Ralph E. Davis, C. Ives Waldo, Jr., William P. Sutter, Chicago, Ill., Hopkins, Sutter, Owen, Mulroy Wentz, Chicago, Ill., of counsel, for appellants.
Charles K. Rice, Asst. Atty. Gen., Loring W. Post, Atty., U.S. Dept. of Justice, Washington, D.C., Robert Tieken, U.S. Atty., Chicago, Ill., Lee A. Jackson, Harry Baum, Attys., Dept. of Justice, Washington, D.C., H.M. Silets, Asst. U.S. Atty., Chicago, Ill., for appellee.
Before MAJOR, SCHNACKENBERG and CASTLE, Circuit Judges.
Avery Brundage and Elizabeth D. Brundage, his wife, plaintiffs, appealed from the district court's order dismissing with prejudice and costs their complaint for a refund of federal income tax in the amount of $39,076.12, paid by them as a deficiency for the calendar year 1948, plus interest in the amount of $7,731.07 paid by them upon said deficiency, a total of $46,807.19, plus interest on said total as allowed by law.
Defendant, United States of America, having filed an answer, the facts were stipulated.
The court entered findings of fact and conclusions of law.
During the years 1944-1946, plaintiffs acquired 3,633 shares of 7% cumulative prior preference stock of Portland Electric Power Company (hereinafter referred to as "Portland"), a public utility holding company, at a cost of $140,031. During 1948 plaintiffs sold all of such stock (also herein referred to as prior preference stock) for an aggregate net price of $608,063.16. They reported the difference between said cost and said sale price, i.e., $468,032.16, as long-term capital gain on their joint income tax return for 1948, and paid income tax on said gain.

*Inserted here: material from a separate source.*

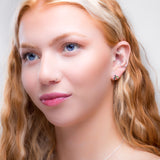 Tiny Leaf Stud Earrings in Silver & Peridot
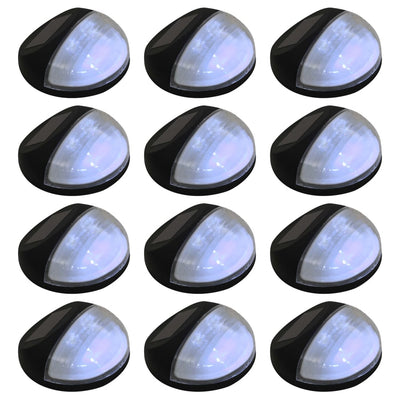 vidaXL Outdoor Solar Wall Lamps LED 12 pcs Round Black - House of Isabella AU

The internal revenue service contended that $103,091.25 of the $468,032.16 reported by plaintiffs as long-term capital gain was constructively received by plaintiffs as a dividend and should have been reported as dividend income, and adjusted plaintiffs' taxable income for 1948 accordingly. Based on said adjustment plaintiffs paid said deficiency.
For some years prior to 1948 Portland was involved in a bankruptcy reorganization proceeding in the United States District Court for the District of Oregon and in a proceeding before the Securities and Exchange Commission relating to its liquidation as a public utility holding company. The reorganization was consummated pursuant to a formal Plan of Reorganization confirmed by the District Court on October 11, 1947.

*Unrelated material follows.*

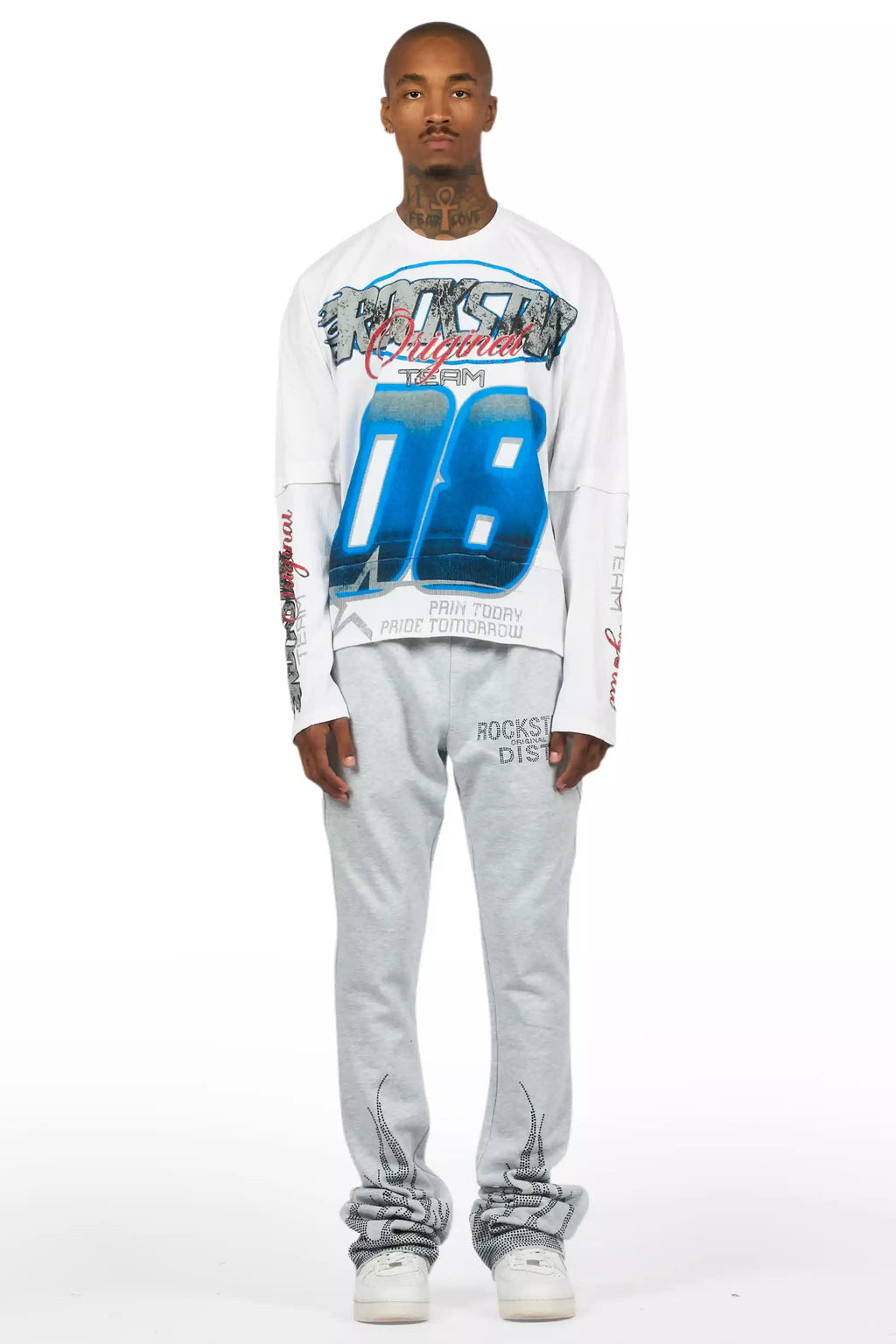 Pyrel Heather Grey/Black Rhinestone Stacked Flare Pant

Herein sometimes referred to as the Plan.
Under this Plan, Portland General Electric Company (hereinafter referred to as "PGE"), a wholly owned operating subsidiary of Portland, was to reclassify and increase its authorized common stock and to issue to Portland 998,966 58/60 shares of such new common stock in exchange for the previously outstanding common held by Portland. PGE was also to transfer to Portland a dividend of $1,600,000 in cash and $93,000 principal amount in Portland's own bonds. Portland was then to distribute cash and common stock of PGE to the holders of Portland's bonds and prior preference and first preferred stock in exchange for the Portland securities held by them.

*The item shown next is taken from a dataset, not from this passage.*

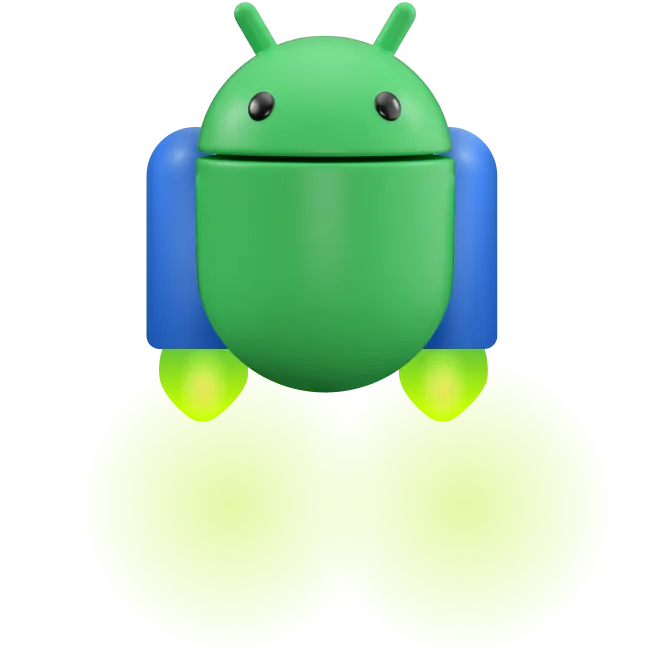 A 3D illustration of the Android mascot, wearing a jetpack that's emitting a large cloud of bubbles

The holders of prior preference stock, by its terms, were entitled to cumulative dividends at the rate of 7% per annum from January 1, 1933, and upon liquidation or dissolution of Portland were entitled to priority over the holders of other classes of stock in the distribution of assets to the extent of $100 per share, together with unpaid accumulated dividends. The first preferred stock of Portland was junior to the prior preference stock, but ranked ahead of the second preferred stock and the common stock.
Under the Plan, the holder of each share of prior preference stock was to receive, in exchange therefor, 6 1/3 shares of common stock of PGE in full satisfaction of his claims thereon, including all accrued and unpaid dividends. Holders of Portland first preferred stock were to receive 2/3 of a share of common stock of PGE for each share of their stock. Holders of Portland second preferred stock and common stock were to receive nothing under the Plan and these stocks were to be cancelled. The holders of prior preference stock were to be given ten years after entry of final decree in the reorganization within which to exchange such prior preference stock for common stock of PGE.
The distributions of PGE stock under the Plan were based upon the value of the properties of Portland, including the P GE stock, as of October 31, 1945. Subsequent to October 31, 1945, PGE had earnings which were of a value equivalent to the interest accruing to the holders of Portland bonds after October 31, 1945, and to the accrual of dividends on the prior preference stock after that date.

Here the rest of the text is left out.